Die Tage hatte ich mich in einem Artikel noch darüber echauffiert, dass Patienten beziehungsweise Pflegekräfte uns wichtige Informationen zu den Patienten nicht geben oder nur stark verzögert geben. Der hier beschriebene Fall hätte perfekt laufen können,…können, ja, können, wenn jedes Glied der Kette seine Arbeit getan hätte.
Aber lest selbst:
Irgendwann in einer der letzten Nachtschichten erfolgte die Alarmierung für unseren RTW.
“Notfall, intern, Kreislauf”
lautete die Einsatzmeldung für uns. Als weitere Information war nichts angegeben. Also begaben wir uns mit diesen doch recht spärlichen Informationen zum Patienten.
Dieser öffnete uns freundlich die Türe im Bademantel und begleitete uns in sein Wohnzimmer. Nach der ersten Begrüßung dann die unschöne Überraschung:
“Ach gut, das sie alle schon die Windpocken hatten, die sollen ja für Erwachsene sonst sehr gefährlich werden.”
Ähm, Moment!
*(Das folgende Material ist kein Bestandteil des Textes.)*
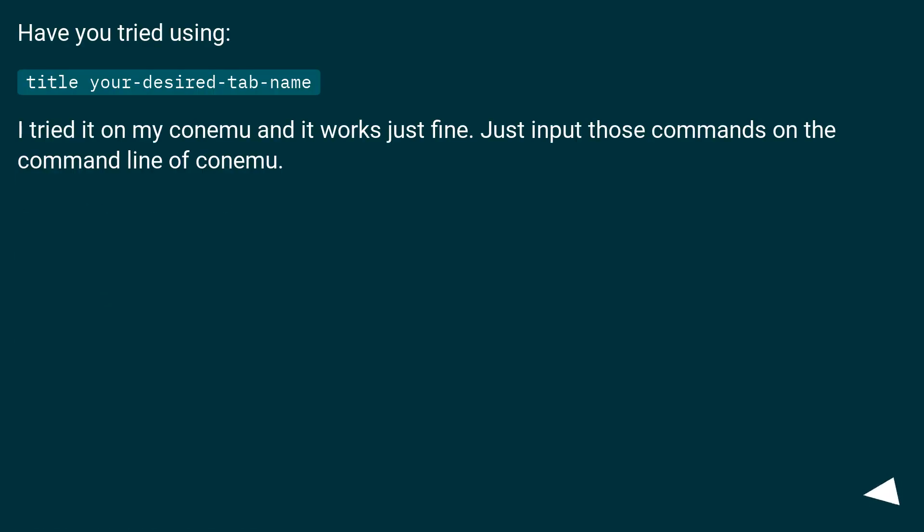Have you tried using title your desired tab name? I tried it on my ConEmu and it works just fine. Just input those commands on the command line of ConEmu.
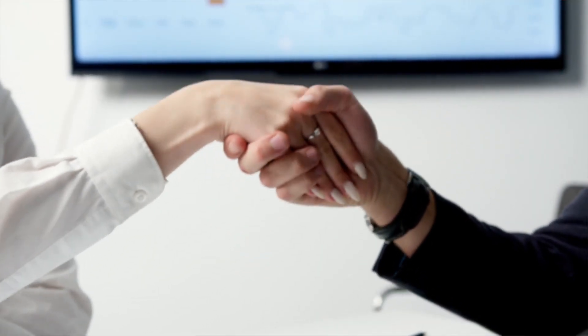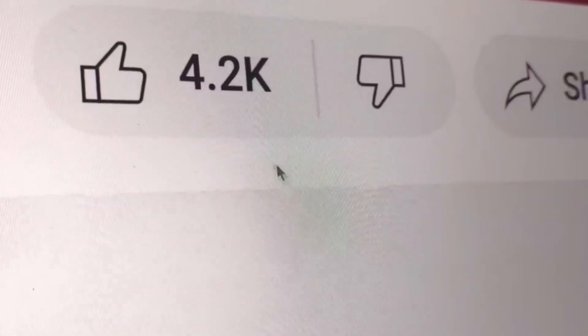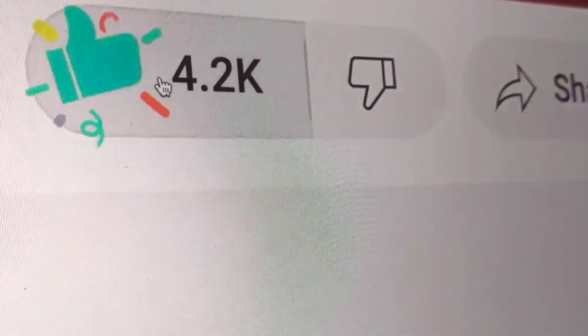But before I do, if you're interested in content like brand deals and anything influencer marketing related, go ahead and like this video. That's how you can give back to us here on this channel to make sure we can keep creating content for you guys.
Wieso Windpocken und wieso “schon hatten”?!?
Ganz überrascht und irgendwie betroffen erklärte uns dann der Patient das er seit 4 Tagen an den Windpocken litt und das extra dem “guten Mann am Telefon bei der 112″ gesagt hatte. “Sie sollen doch Leute schicken, die die Windpocken schon hatten.”
Irgendwie war diese Information aber nicht zu uns durchgedrungen…bravo, ganz großes Kino.
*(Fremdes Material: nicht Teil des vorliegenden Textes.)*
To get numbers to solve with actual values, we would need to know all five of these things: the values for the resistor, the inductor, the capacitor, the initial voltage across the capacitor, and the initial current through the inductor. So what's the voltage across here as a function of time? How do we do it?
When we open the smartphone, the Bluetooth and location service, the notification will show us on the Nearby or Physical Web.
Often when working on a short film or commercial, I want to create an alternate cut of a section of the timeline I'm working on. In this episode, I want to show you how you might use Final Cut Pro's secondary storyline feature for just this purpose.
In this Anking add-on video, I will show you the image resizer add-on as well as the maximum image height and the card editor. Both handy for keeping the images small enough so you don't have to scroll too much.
Die noch schnell geholten Munschütze (?) aus dem Auto waren jetzt eigentlich eh zu spät. Zum Glück hatte meine Wenigkeit und der Kollege schon die Windpocken in der Kindheit gehabt, nur der Praktikant hatte sie noch nicht.
Nachdem wir dann den Patienten soweit versorgt hatten, brachten wir ihn ins Krankenhaus der Wahl. Unterdessen erwähnte der Patient immer wieder, dass er das extra am Telefon erwähnt hatte. Naja, ihm haben wir ja auch keinen Vorwurf gemacht oder so….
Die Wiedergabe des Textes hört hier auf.